BEGIN
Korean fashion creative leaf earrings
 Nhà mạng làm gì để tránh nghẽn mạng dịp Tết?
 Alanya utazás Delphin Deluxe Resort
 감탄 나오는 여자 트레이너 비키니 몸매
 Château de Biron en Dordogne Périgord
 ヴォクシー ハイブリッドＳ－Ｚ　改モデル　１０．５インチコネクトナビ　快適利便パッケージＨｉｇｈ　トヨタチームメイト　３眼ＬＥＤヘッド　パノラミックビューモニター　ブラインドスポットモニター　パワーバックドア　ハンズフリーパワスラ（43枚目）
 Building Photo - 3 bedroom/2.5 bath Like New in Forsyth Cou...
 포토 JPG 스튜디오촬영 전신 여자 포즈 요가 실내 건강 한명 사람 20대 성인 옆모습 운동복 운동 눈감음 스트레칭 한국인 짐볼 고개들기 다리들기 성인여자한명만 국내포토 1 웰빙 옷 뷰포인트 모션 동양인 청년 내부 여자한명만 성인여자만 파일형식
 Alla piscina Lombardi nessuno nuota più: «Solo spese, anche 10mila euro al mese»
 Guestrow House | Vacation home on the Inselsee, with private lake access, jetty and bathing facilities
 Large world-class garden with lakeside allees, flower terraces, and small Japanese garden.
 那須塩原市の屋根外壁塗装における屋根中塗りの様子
END
### Brief
The entries shown above should be copied out word for word.

### Answer section
Korean fashion creative leaf earrings
 Nhà mạng làm gì để tránh nghẽn mạng dịp Tết?
 Alanya utazás Delphin Deluxe Resort
 감탄 나오는 여자 트레이너 비키니 몸매
 Château de Biron en Dordogne Périgord
 ヴォクシー ハイブリッドＳ－Ｚ　改モデル　１０．５インチコネクトナビ　快適利便パッケージＨｉｇｈ　トヨタチームメイト　３眼ＬＥＤヘッド　パノラミックビューモニター　ブラインドスポットモニター　パワーバックドア　ハンズフリーパワスラ（43枚目）
 Building Photo - 3 bedroom/2.5 bath Like New in Forsyth Cou...
 포토 JPG 스튜디오촬영 전신 여자 포즈 요가 실내 건강 한명 사람 20대 성인 옆모습 운동복 운동 눈감음 스트레칭 한국인 짐볼 고개들기 다리들기 성인여자한명만 국내포토 1 웰빙 옷 뷰포인트 모션 동양인 청년 내부 여자한명만 성인여자만 파일형식
 Alla piscina Lombardi nessuno nuota più: «Solo spese, anche 10mila euro al mese»
 Guestrow House | Vacation home on the Inselsee, with private lake access, jetty and bathing facilities
 Large world-class garden with lakeside allees, flower terraces, and small Japanese garden.
 那須塩原市の屋根外壁塗装における屋根中塗りの様子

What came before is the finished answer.